▶ _Work to complete_:
Your reply should be the entries, output word for word, with each picture omitted.

▶ _Data under study_:
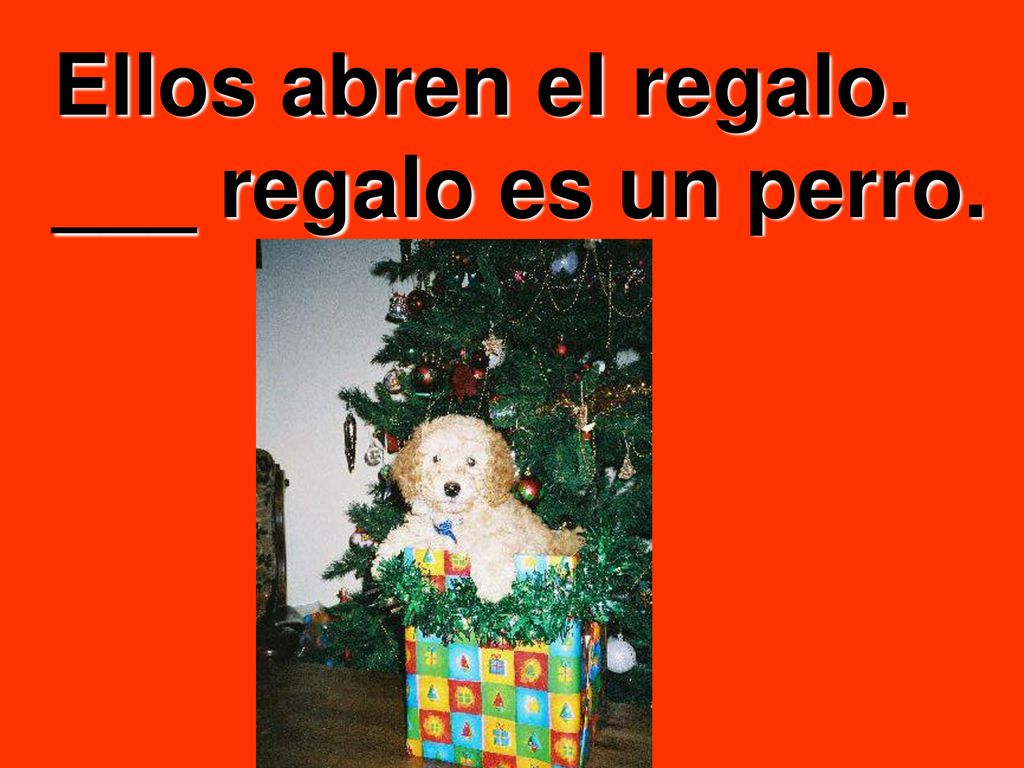 Ellos abren el regalo. ___ regalo es un perro.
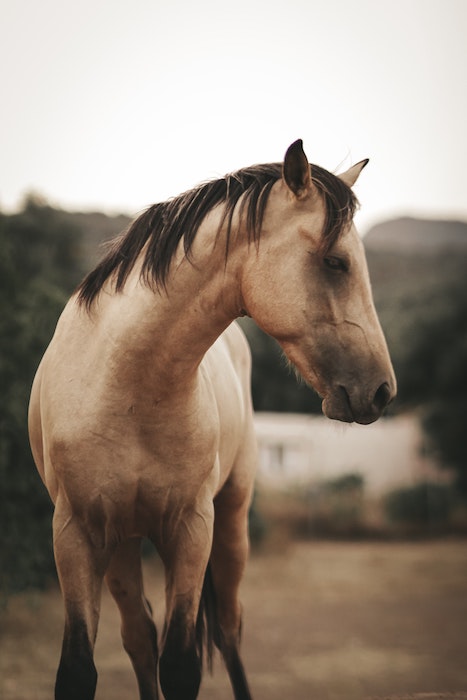 A buckskin horse with its head turned to the side.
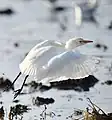 Bubulcus ibis, le Héron garde-boeuf ;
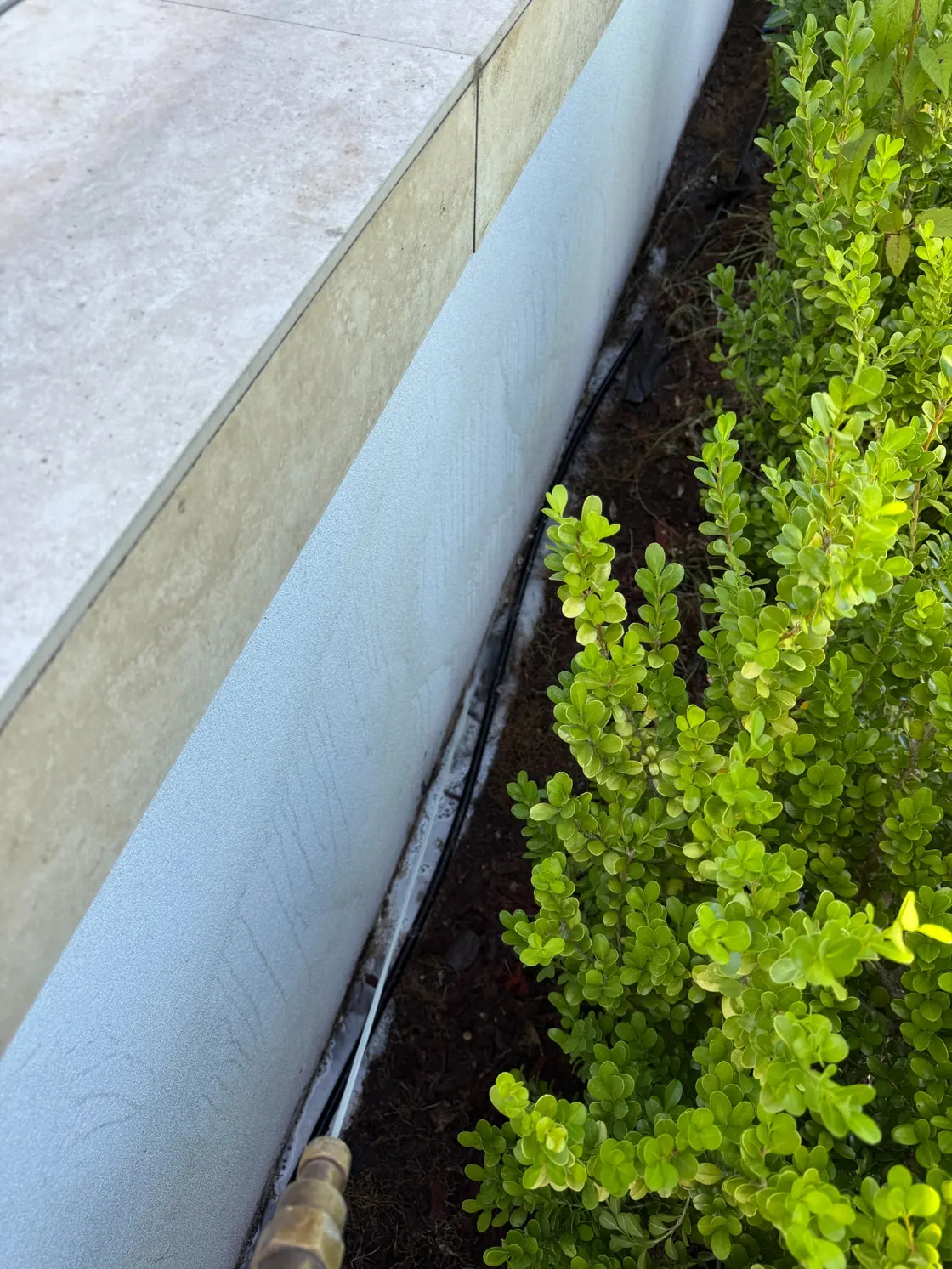 Chemical soil treatment near rainwater downpipe and brick wall in Epping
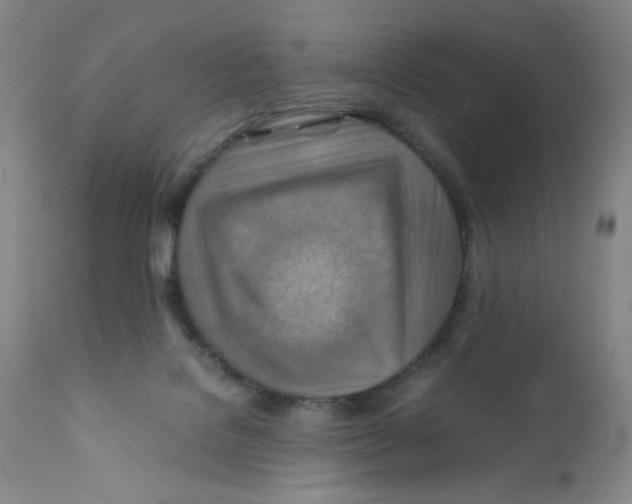 X0000111900076200908241013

▶ _Solution_:
 Ellos abren el regalo. ___ regalo es un perro.
 A buckskin horse with its head turned to the side.
 Bubulcus ibis, le Héron garde-boeuf ;
 Chemical soil treatment near rainwater downpipe and brick wall in Epping
 X0000111900076200908241013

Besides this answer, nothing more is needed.